Governo quer atrelar rentabilidade da caderneta a porcentual do juro básico Selic 

Ricardo Leopoldo, da Agência Estado,

25 de outubro de 2011 | 14h20

Economistas apontam que duas questões importantes deverão ser consideradas pelo governo caso decida alterar a remuneração da caderneta de poupança com base em 80% da Selic, mantendo a Taxa Referencial, a TR.

Uma delas é a definição do tamanho do redutor da Selic, que pode tornar a poupança mais atrativa que fundos de investimento. Outra questão é separar os recursos das novas cadernetas de poupança para o funding do setor de habitação, pois hoje a Caixa capta a 6% mais TR, enquanto empresta os recursos entre uma faixa que vai de 8% a 11,5%, mais TR.

O governo pretende encaminhar ao Congresso Nacional, no primeiro trimestre de 2012, um projeto de lei com as novas regras para o rendimento da caderneta de poupança, informa o jornal Valor Econômico em sua edição de hoje, mencionando uma "fonte graduada" do governo. A proposta mais factível é a substituição dos juros fixos de 0,5% ao mês (6,16% ao ano) por um redutor de 20% da Selic mais a Taxa Referencial (TR), que não será extinta.

Em 2009, o governo chegou a discutir alterações nas normas de indexação da caderneta, que, naquele momento, com a taxa Selic em queda, ameaçava retirar a atratividade dos fundos de investimentos. Agora, com a perspectiva de um ciclo de cortes mais intenso dos juros, a incompatibilidade entre a indexação na poupança e o corte da taxa Selic se recoloca.

Queda da Selic

Na avaliação do economista-chefe do Santander, Maurício Molan, caso a Selic caia para 8% ao ano, isto se o Poder Executivo adotar um redutor de 20%, a remuneração da poupança ficaria em 6,4%, mais a TR, que poderia ficar próxima a 7,5%. "Hoje, contudo, um fundo de investimento vinculado ao CDI rende perto de 6,5% ao ano", disse. "Talvez fosse oportuno que o governo determinasse um redutor maior, a fim de evitar qualquer tipo de movimento indesejado de migração de recursos de fundos para a poupança", destacou.
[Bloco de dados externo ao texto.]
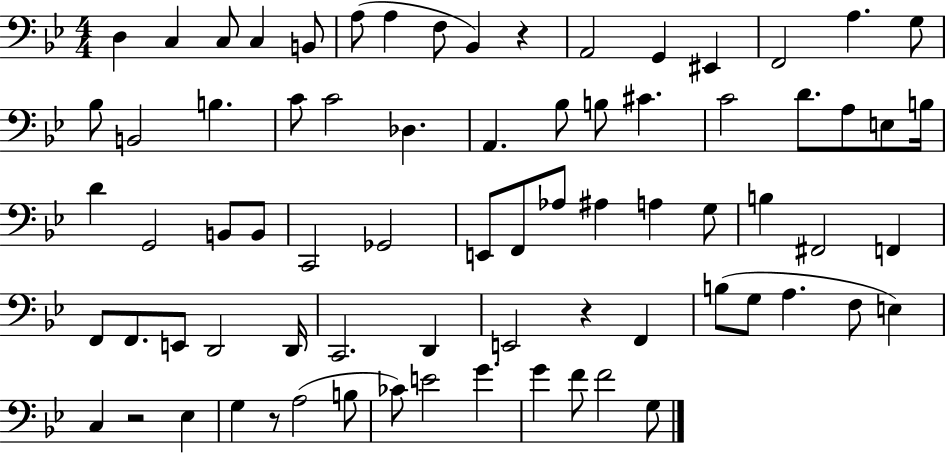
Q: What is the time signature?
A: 4/4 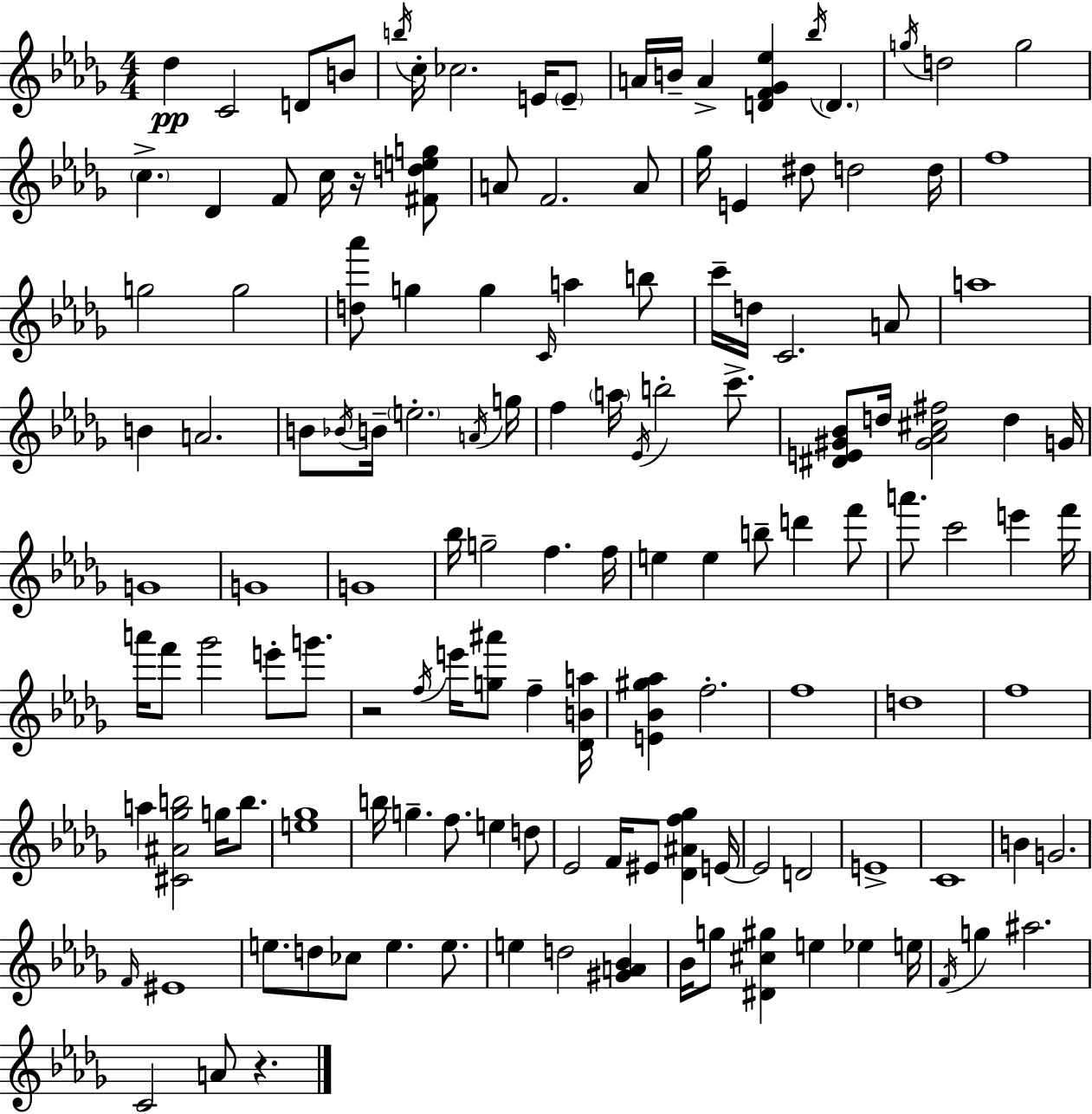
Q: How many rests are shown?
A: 3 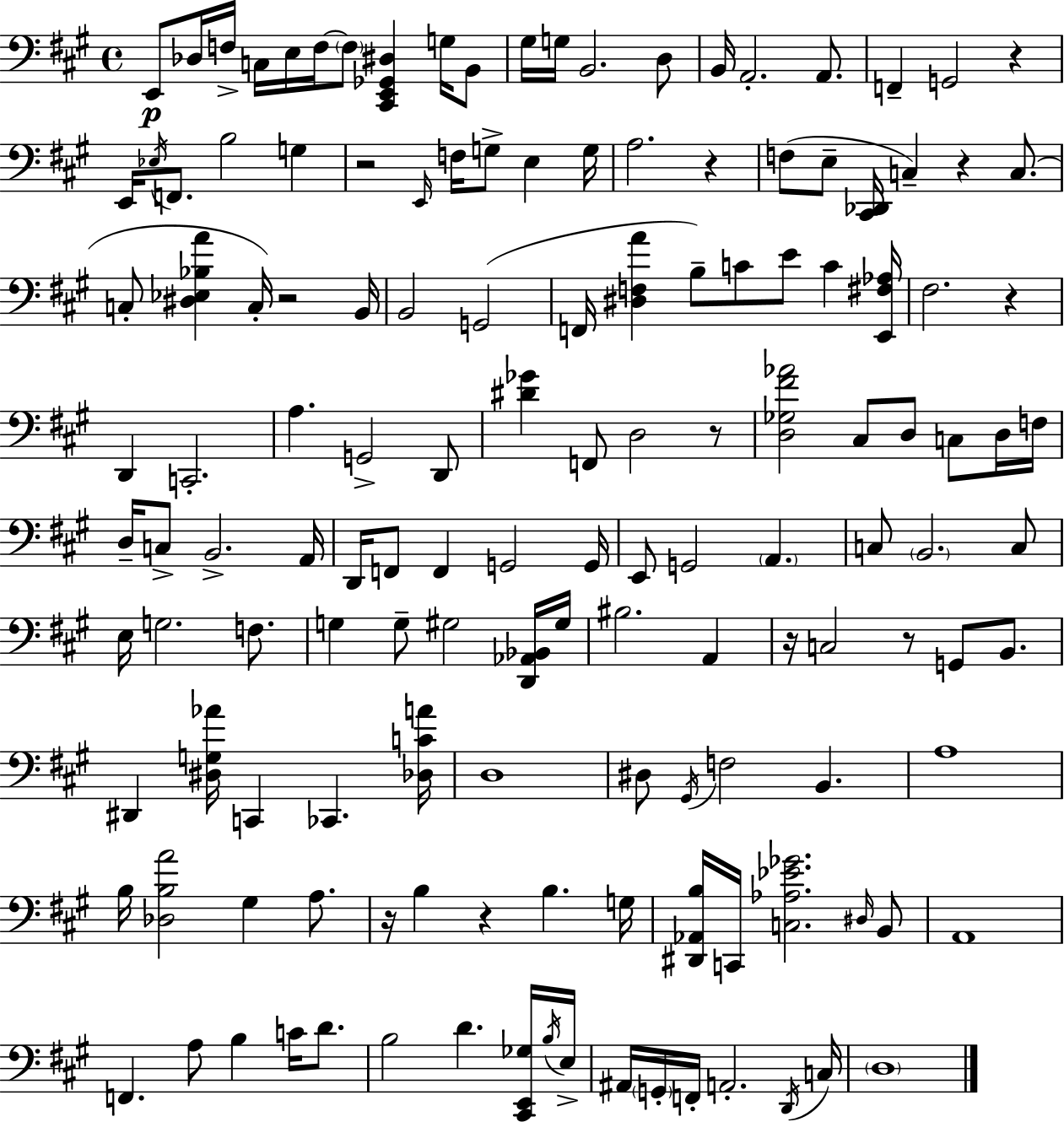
X:1
T:Untitled
M:4/4
L:1/4
K:A
E,,/2 _D,/4 F,/4 C,/4 E,/4 F,/4 F,/2 [^C,,E,,_G,,^D,] G,/4 B,,/2 ^G,/4 G,/4 B,,2 D,/2 B,,/4 A,,2 A,,/2 F,, G,,2 z E,,/4 _E,/4 F,,/2 B,2 G, z2 E,,/4 F,/4 G,/2 E, G,/4 A,2 z F,/2 E,/2 [^C,,_D,,]/4 C, z C,/2 C,/2 [^D,_E,_B,A] C,/4 z2 B,,/4 B,,2 G,,2 F,,/4 [^D,F,A] B,/2 C/2 E/2 C [E,,^F,_A,]/4 ^F,2 z D,, C,,2 A, G,,2 D,,/2 [^D_G] F,,/2 D,2 z/2 [D,_G,^F_A]2 ^C,/2 D,/2 C,/2 D,/4 F,/4 D,/4 C,/2 B,,2 A,,/4 D,,/4 F,,/2 F,, G,,2 G,,/4 E,,/2 G,,2 A,, C,/2 B,,2 C,/2 E,/4 G,2 F,/2 G, G,/2 ^G,2 [D,,_A,,_B,,]/4 ^G,/4 ^B,2 A,, z/4 C,2 z/2 G,,/2 B,,/2 ^D,, [^D,G,_A]/4 C,, _C,, [_D,CA]/4 D,4 ^D,/2 ^G,,/4 F,2 B,, A,4 B,/4 [_D,B,A]2 ^G, A,/2 z/4 B, z B, G,/4 [^D,,_A,,B,]/4 C,,/4 [C,_A,_E_G]2 ^D,/4 B,,/2 A,,4 F,, A,/2 B, C/4 D/2 B,2 D [^C,,E,,_G,]/4 B,/4 E,/4 ^A,,/4 G,,/4 F,,/4 A,,2 D,,/4 C,/4 D,4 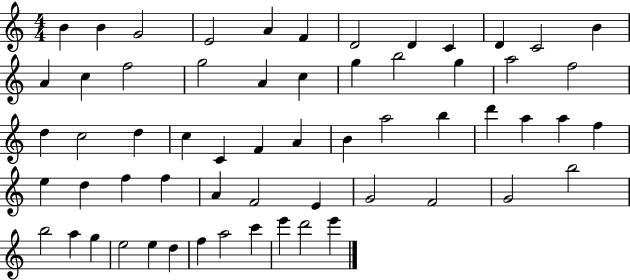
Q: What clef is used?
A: treble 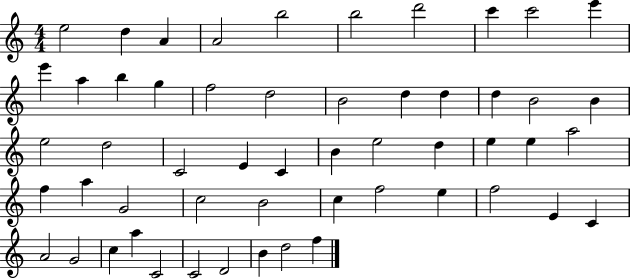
X:1
T:Untitled
M:4/4
L:1/4
K:C
e2 d A A2 b2 b2 d'2 c' c'2 e' e' a b g f2 d2 B2 d d d B2 B e2 d2 C2 E C B e2 d e e a2 f a G2 c2 B2 c f2 e f2 E C A2 G2 c a C2 C2 D2 B d2 f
Para o economista e sócio da MCM consultores, Antônio Madeira, caso o governo implementasse a nova remuneração da poupança com base na Selic seria importante separar as cadernetas antigas das novas. A medida é importante, pois tem implicações para o funding de R$ 168 bilhões do setor habitacional do País, baseado na remuneração atual da poupança. As novas cadernetas passariam a ter o rendimento relativo à Selic, com seu redutor de 20%, mais a variação da TR.

"Uma medida como essa seria muito importante para evitar problemas de descasamento de gestão de recursos, administrado pela Caixa, para a habitação. Isso seria necessário porque o banco estatal é responsável por um volume expressivo de dinheiro destinado à habitação, que tem regras de captação e de empréstimos já estabelecidas e funcionando há um bom tempo", disse.